Faild put to /_ingest/pipeline with custom json

hjfeng1988 · June 25, 2018, 8:08am

I write a cutstom josn file refer to filebeat6.3.0 modues config file /usr/share/filebeat/module/system/syslog/ingest/pipeline.json

{
   "description": "Pipeline for parsing /var/log/cmd.log.",
   "processors": [{
     "grok": {
       "field": "message",
           "ignore_missing": true,
       "patterns":[
         "%{SYSLOGTIMESTAMP:cmd.timestamp} %{DATA:cmd.hostname} %{USER:cmd.login_user}\\[%{POSINT:cmd.pid}\\]: %{DATA:cmd.tty} \\(%{IP:cmd.login_ip}\\) %{USER:cmd.run_user} %{DATA:cmd.pwd} # %{GREEDYDATA:cmd.command}"
       ]
     }
   }, {
     "remove": {
       "field": "message"
     }
   }, {
     "date": {
       "field": "cmd.timestamp",
       "target_field": "@timestamp",
       "formats": [
         "MMM  d HH:mm:ss",
         "MMM dd HH:mm:ss"
       ],
       {< if .convert_timezone >}"timezone": "{{ beat.timezone }}",{< end >}
       "ignore_failure": true
     }
   }]
 }

When I run curl -H 'Content-type:application/json' -XPUT 'http://172.16.2.97:9200/_ingest/pipeline/cmd_log?pretty' -d@cmd_log.json,I get error log:

{
   "error" : {
     "root_cause" : [
       {
         "type" : "parse_exception",
         "reason" : "Failed to parse content to map"
       }
     ],
     "type" : "parse_exception",
     "reason" : "Failed to parse content to map",
     "caused_by" : {
       "type" : "json_parse_exception",
       "reason" : "Unexpected character ('{' (code 123)): was expecting double-quote to start field name\n at [Source: org.elasticsearch.transport.netty4.ByteBufStreamInput@56ffa838; line: 1, column: 614]"
     }
   },
   "status" : 400
 }

Then i delete the line {< if .convert_timezone >}"timezone": "{{ beat.timezone }}",{< end >} in my config cmd_log.json, It curl -XPUT correct,How can I fix it well with keyword {< if .convert_timezone >}"timezone": "{{ beat.timezone }}",{< end >}.

jsoriano · June 25, 2018, 10:31am

Hi @hjfeng1988,

Module pipelines distributed with filebeat can contain templates that are interpreted by filebeat on setup.
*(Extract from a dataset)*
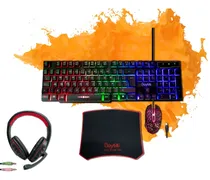 Comprar Kit Gamer Teclado, Mouse, Audífonos Gamer Con Luz Led Pad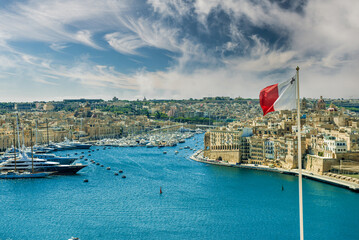 panoramic view on Valletta - obrazy, fototapety, plakaty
If you use these files as base to create your own pipelines you have to replace these templates by the expected result.
In this case, this template adds the timezone if it needs to be converted. If you have enabled convert_timezone in your module configuration replace this line with "timezone": "{{ beat.timezone }}",. If you didn't enable it, just remove the line.

hjfeng1988 · June 26, 2018, 2:10am

hi @jsoriano,
How can i enalbe convert_timezone in my module configuration detail,My cmd_log.json path is /usr/share/filebeat/cmd_log.json,Is there any suggestion to the path of json file.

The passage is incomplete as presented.